U.S. Sen. Kay Hagan said that she also is committed to rebuilding N.C. 12.
"It is a lifeline to the community that has been here for many, many, many years," Hagan said. "It's a way of life that's really a part of North Carolina. I think very much that we need to do what we can to get that open as soon as possible."
Island resident Trip Forman said he and his neighbors count on the road being rebuilt.
"I have a lot of confidence that they'll get it done. As to how quickly they can get it done, I haven't really seen the roads yet, so it's hard to tell," Forman said.
Stanley Riggs, a geology professor at East Carolina University, is one of the people questioning the decision to rebuild. He says the state's efforts to protect N.C. 12 have disrupted the Outer Banks' natural migration toward the west and that, as a consequence, the islands are shrinking.
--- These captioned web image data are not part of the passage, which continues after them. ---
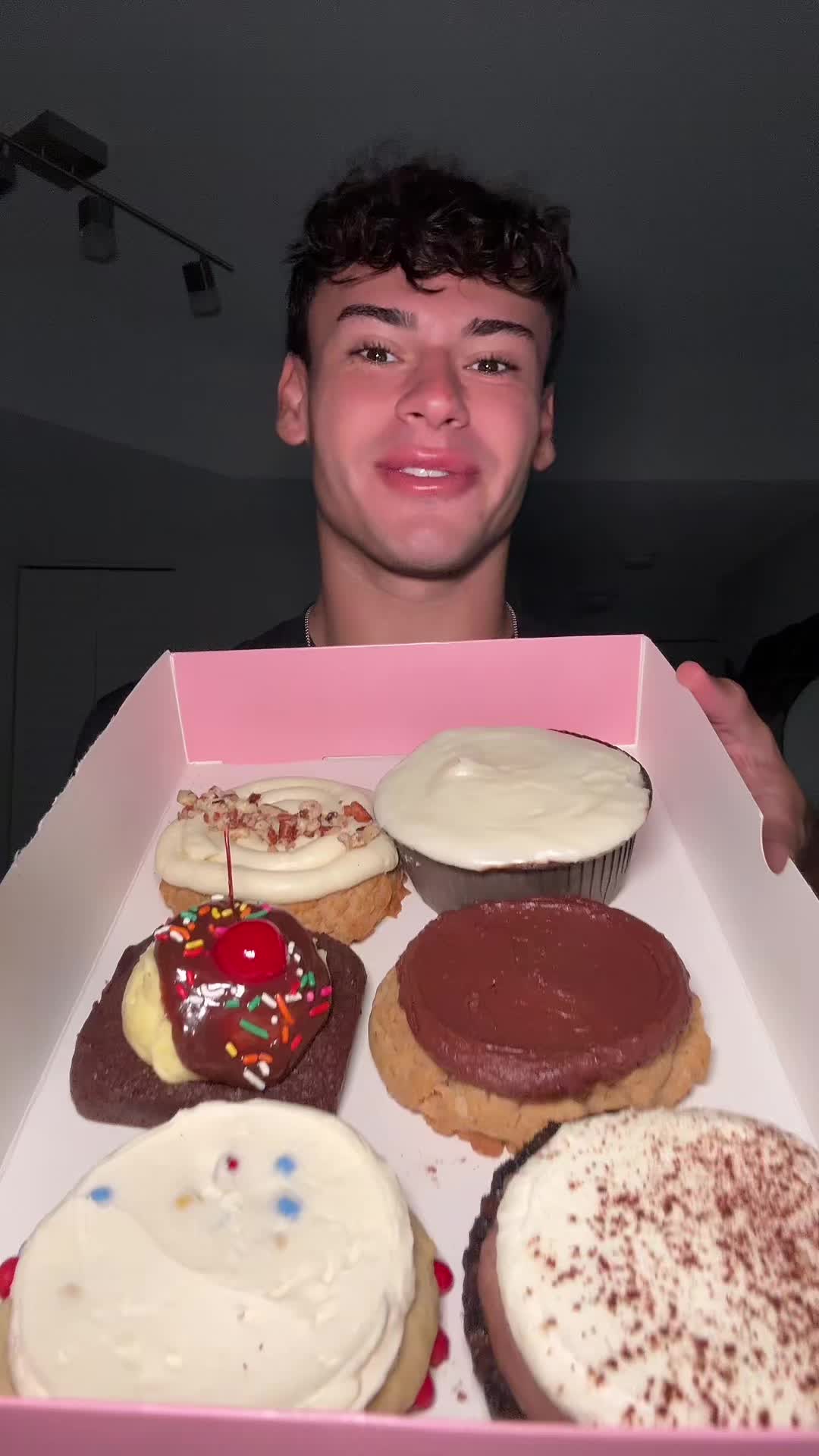 @dylaneatss_
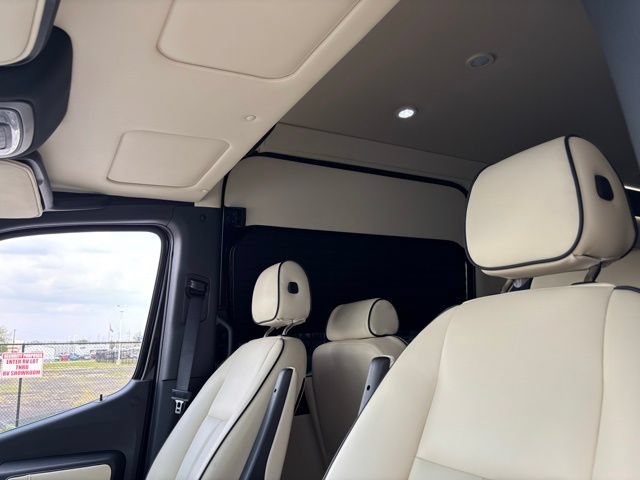 Used 2024 Mercedes-Benz Sprinter 3500 image 17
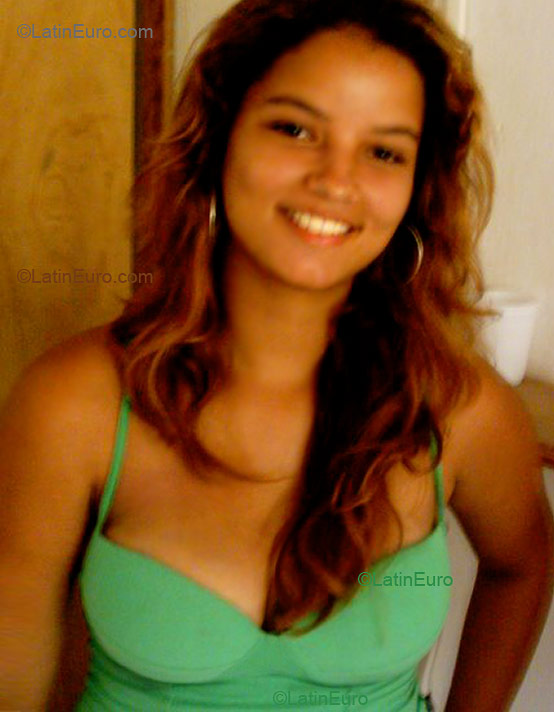 Date this cute Brazil girl Cinthya from Maceio B1993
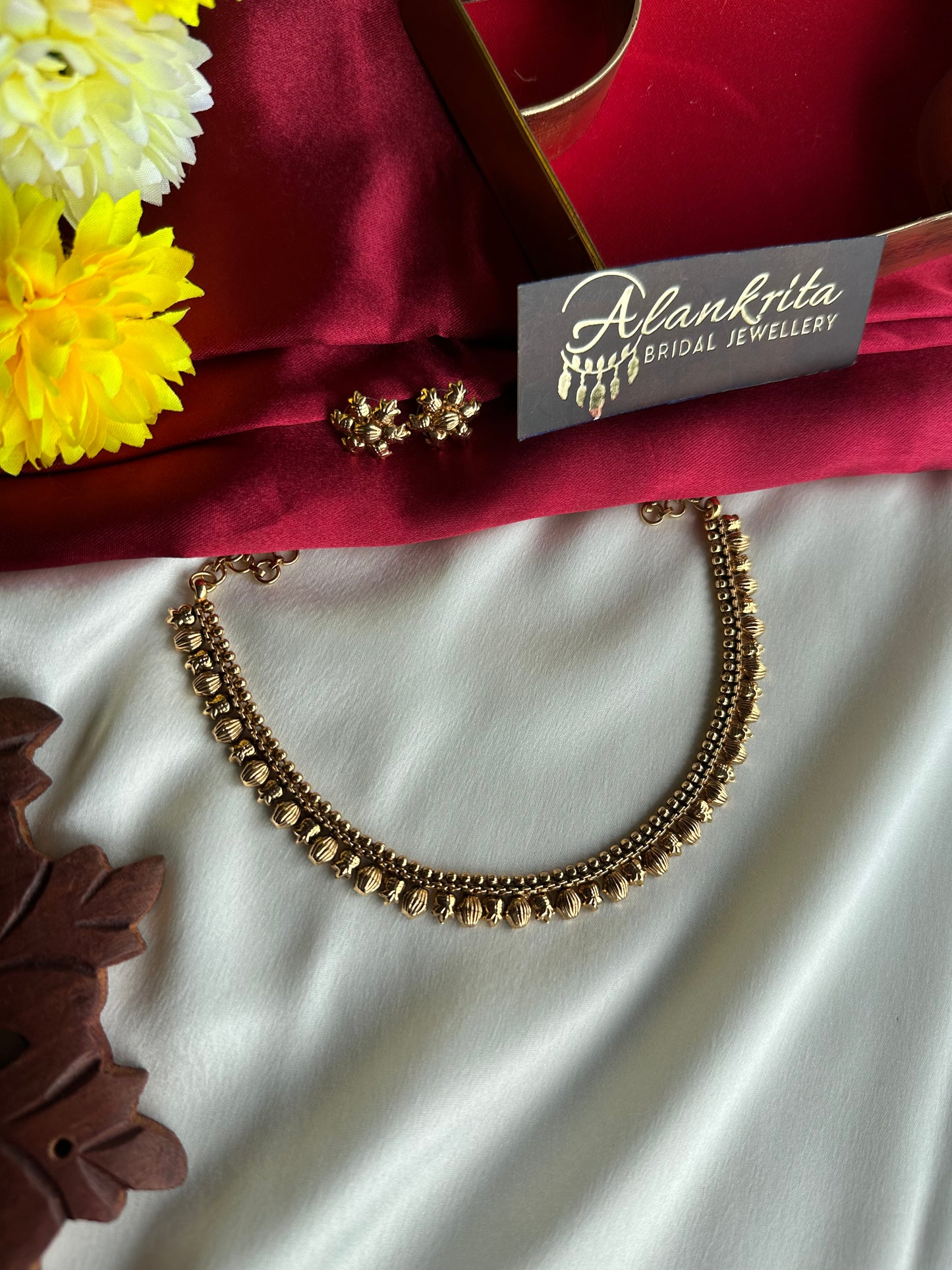 Premium Gold Look Alike Short Necklace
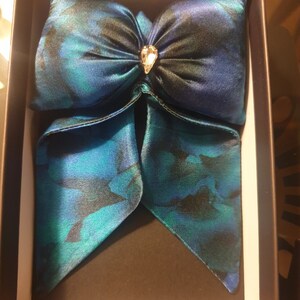 Barra de mariposa de seda azul decorada con una joya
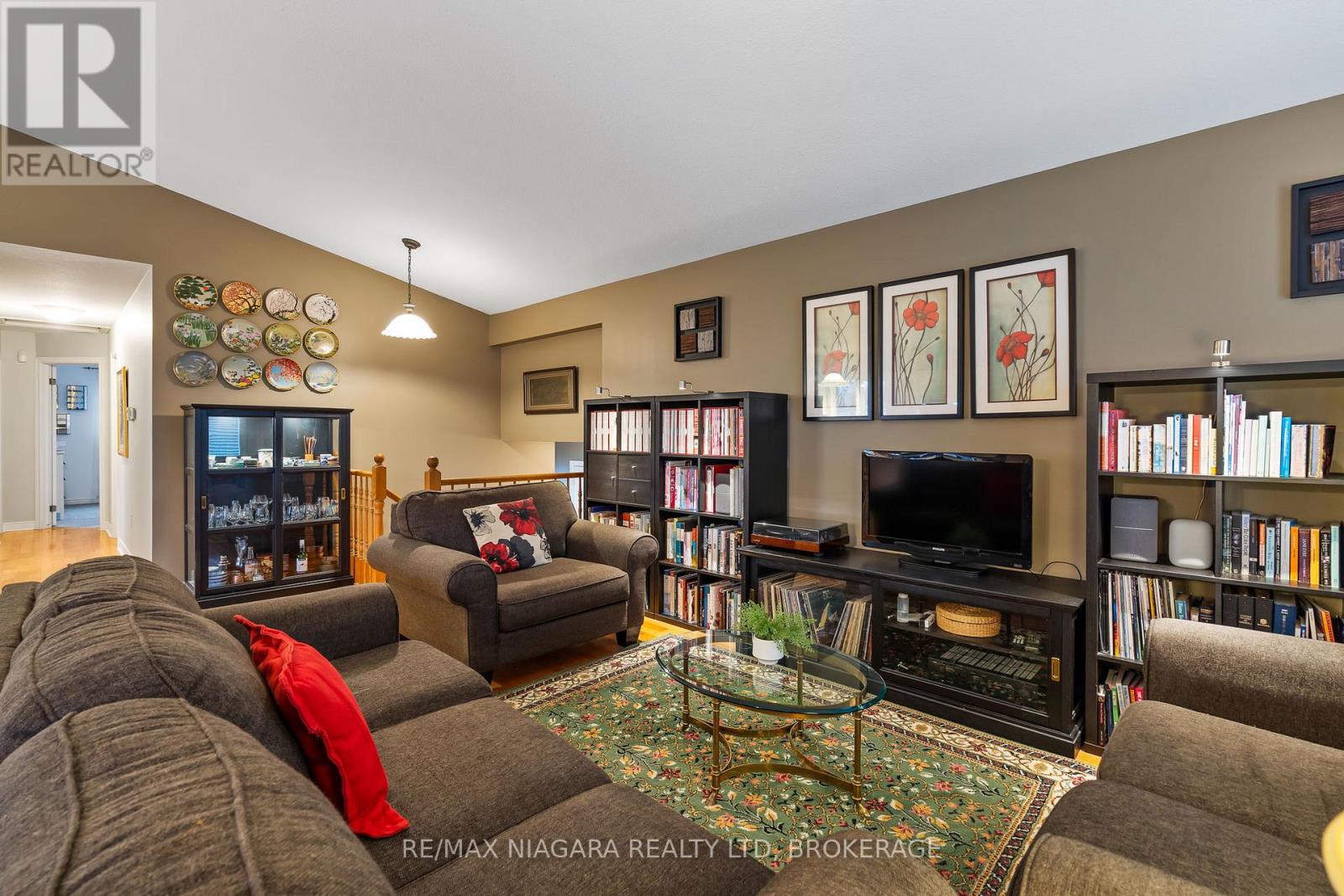 272 Steele Street, Port Colborne, Ontario  L3K 4X8 - Photo 7 - X12647656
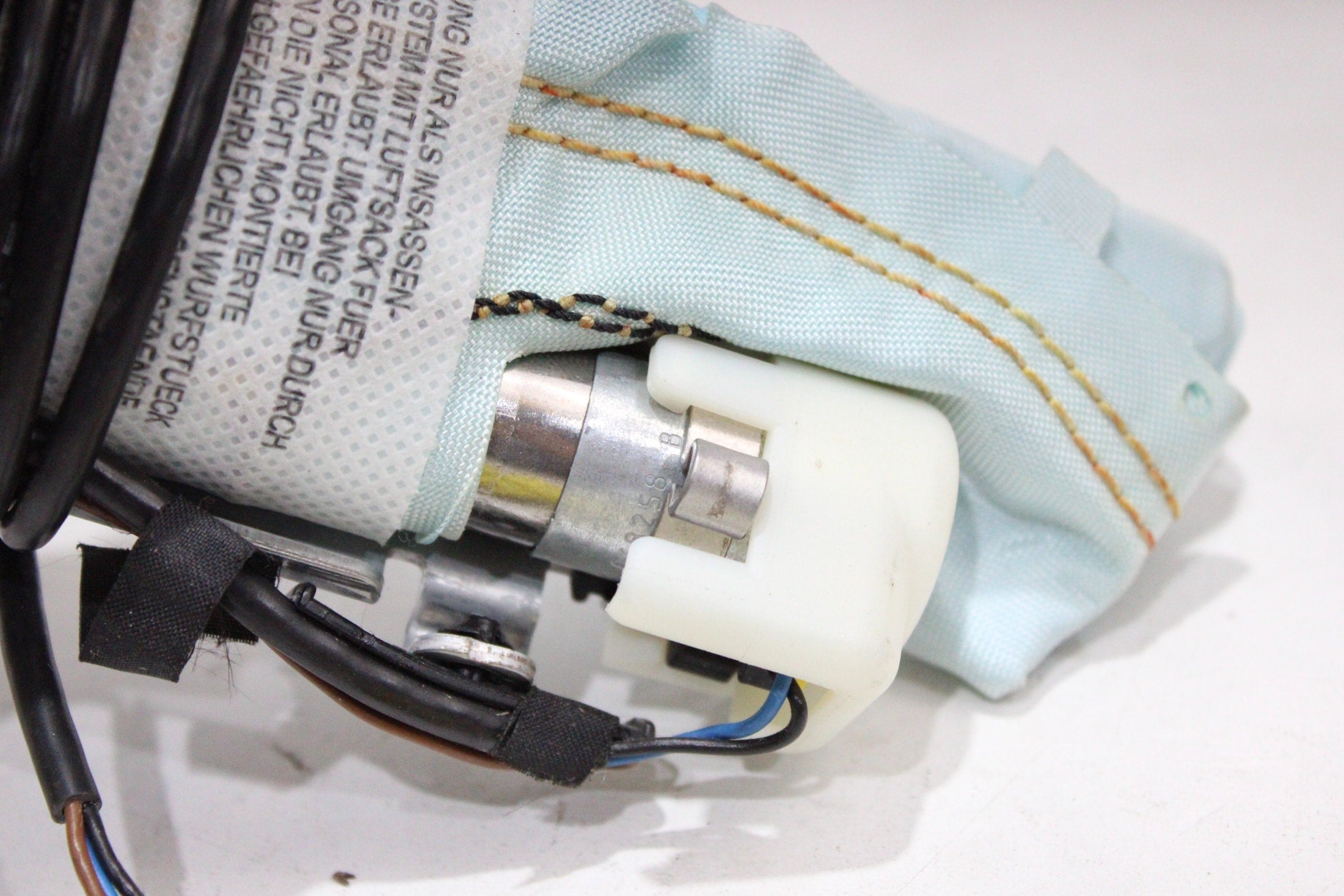 OEM Audi Side Airbag – Fits Q3 (2015–2018) – Part 8U0 880 241 D – Audi – product view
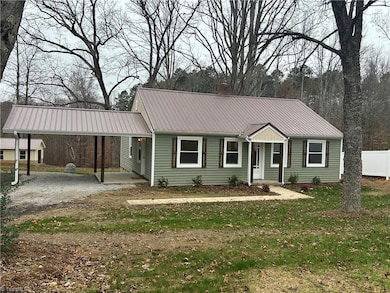 7280 Dennis Rd, Walnut Cove, NC 27052 - photo 3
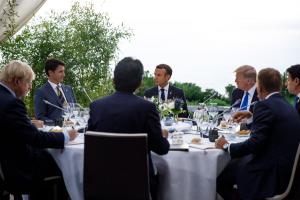 Трамп снова высказался за участие Путина в саммите G7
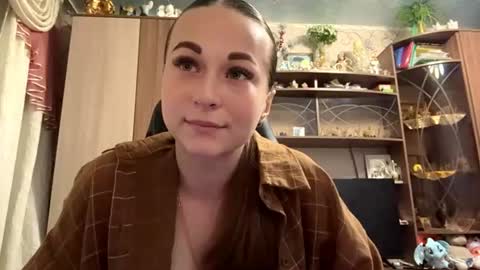 Lena online show from July 11, 9:40 pm
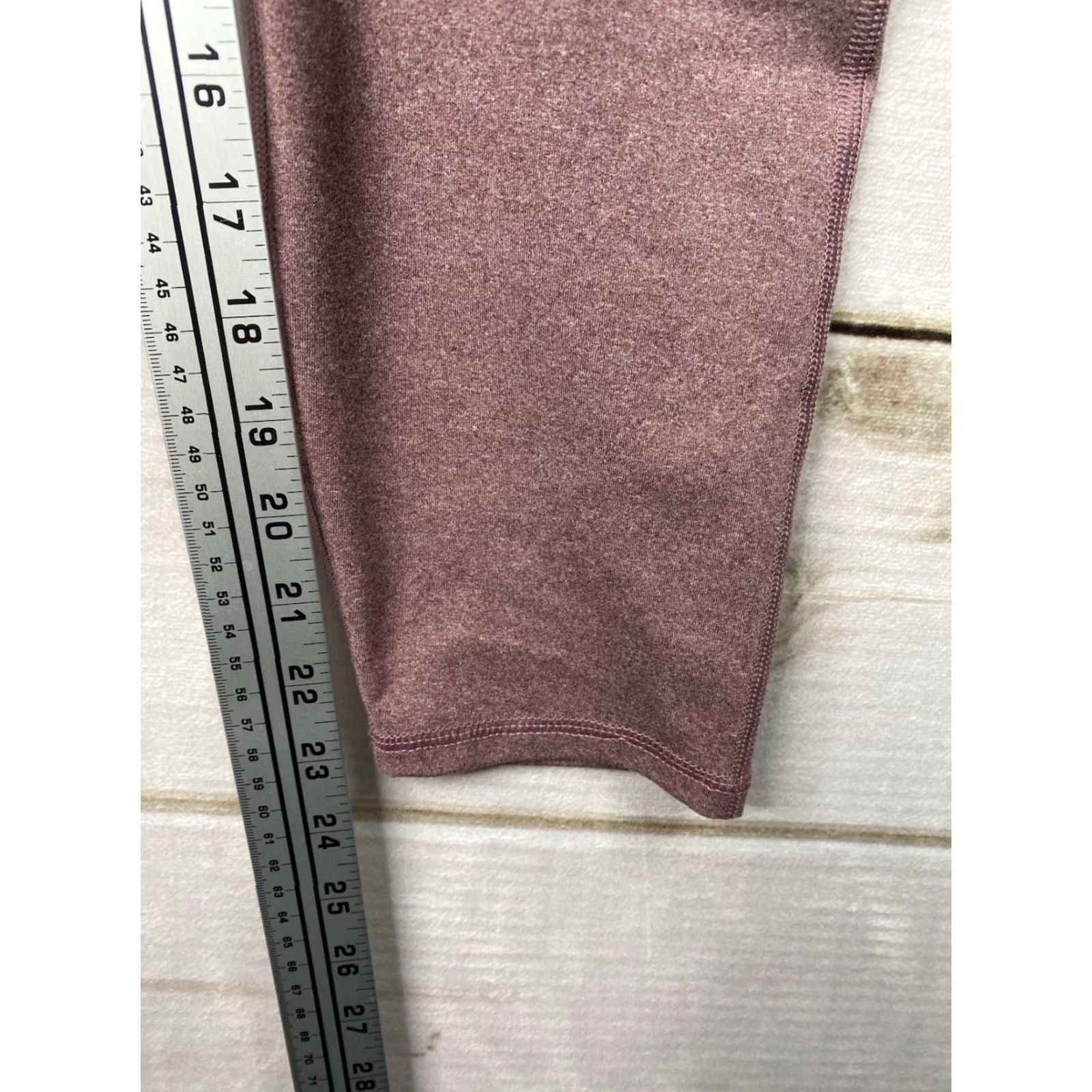 Fabletics Fabletics Leggings Womens L Purple Pink Mid Rise Cropped Zip Pocket Gym Athletic Size 36" / US 14 / IT 50 - 4 Thumbnail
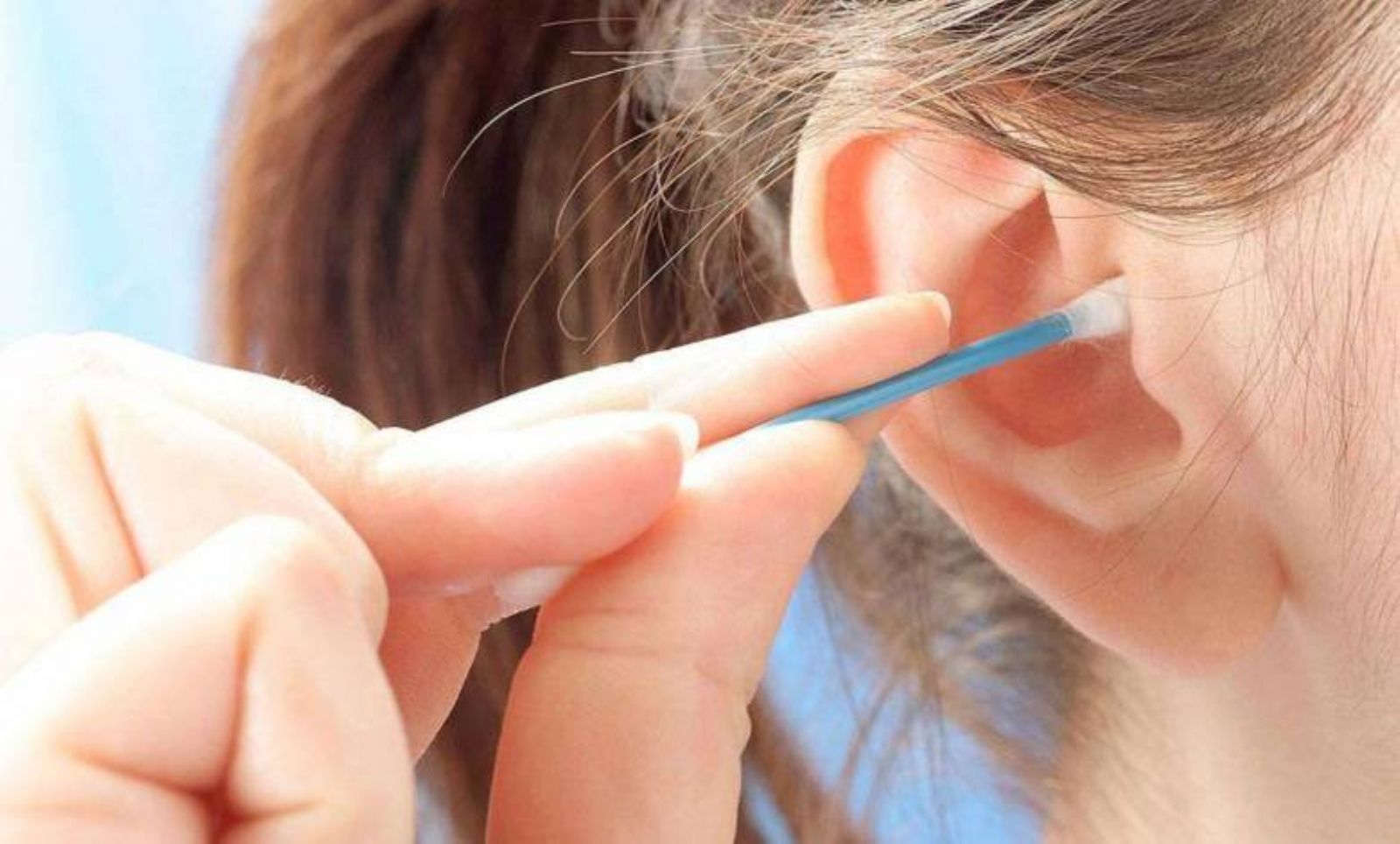 أخطاء شائعة عند تنظيف الأذن… احذروا منها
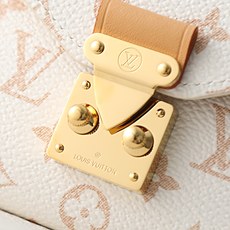 【顶级品质】M4871z 白花本款LVPouch Meiis腰带兼具时尚格调与实用巧思。金属链条结合可拆 【顶级品质】M4871z 白花本款LVPouch Meiis腰带兼具时尚格调与实用巧思。金属链条结合可拆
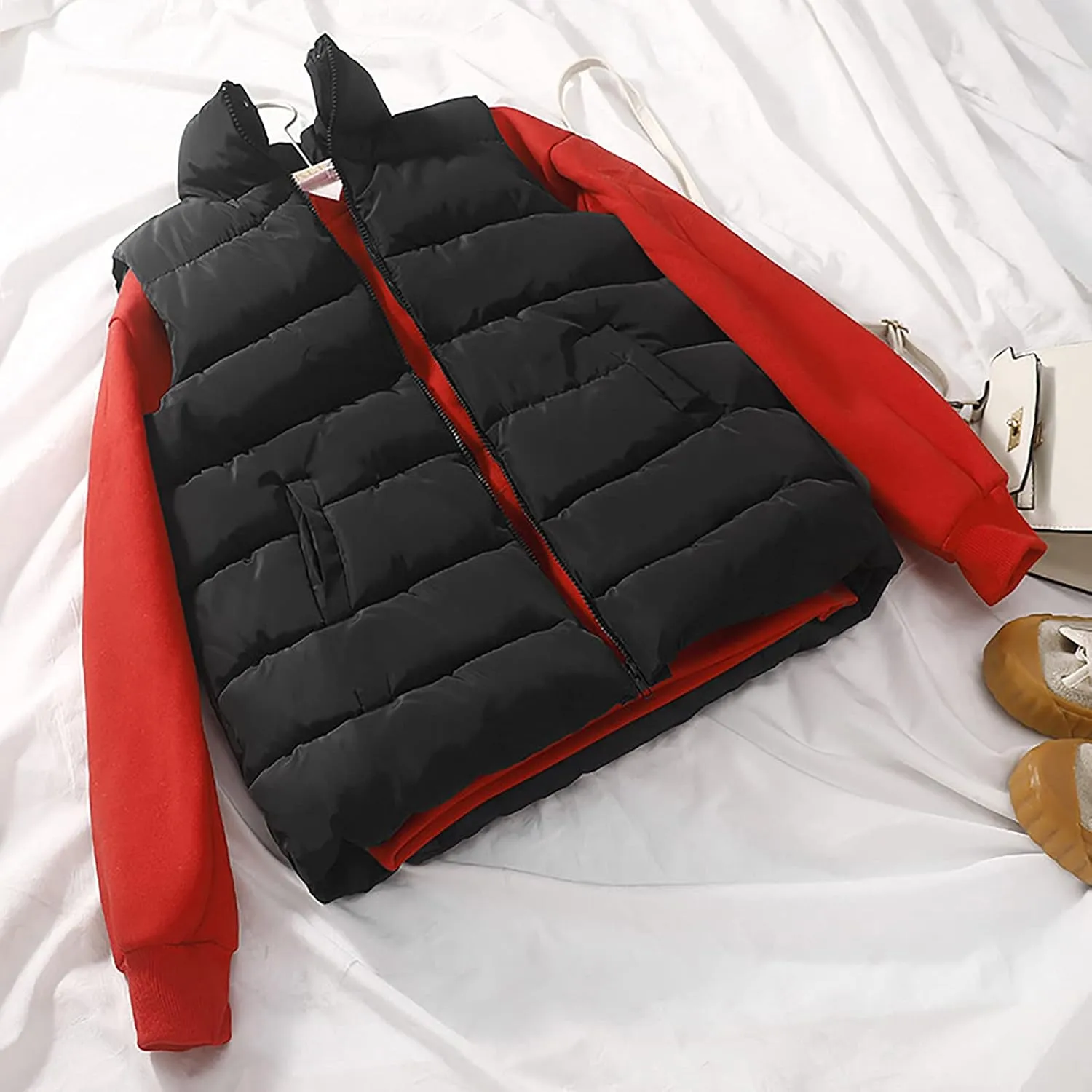 Women's Casual Outerwear Vest Warm Lightweight Puffer Jacket with Pockets Stand Collar Sleeveless Down Outwear Vests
"Anybody (who) thinks they can put something on the front side of a mobile pile of sand is fooling themselves," Riggs said. “The (barrier islands) are going to collapse. Every time we have a storm now, you're going to see more and more breaches, more and more inlets moving through there."
He suggested scrapping the highway and using high-tech ferries to get people on and off Hatteras Island.
On Monday, three conservation groups called on the state to rethink its plan of replacing Bonner Bridge, which connects the north end of the island to the northern Outer Banks. Instead, the state should build a “safer, more reliable access route for Outer Banks residents and tourists,” the groups said.
"The longer bridge option would be less exposed, more reliable and safer for people," according to a joint news release from Defenders of Wildlife, National Wildlife Refuge Association and Southern Environmental Law Center.
"The state’s present scheme to replace Bonner Bridge at its current location and ignore the repeated, inevitable breaching south of the bridge is irresponsible," said Derb Carter, director of the Carolinas office of the Southern Environmental Law Center.
"The state should put reliability and people’s safety first, build the safer, less-exposed ‘long bridge’ that bypasses the most rapidly eroding section of the island and let the ocean take its inevitable course in the wildlife refuge," he added.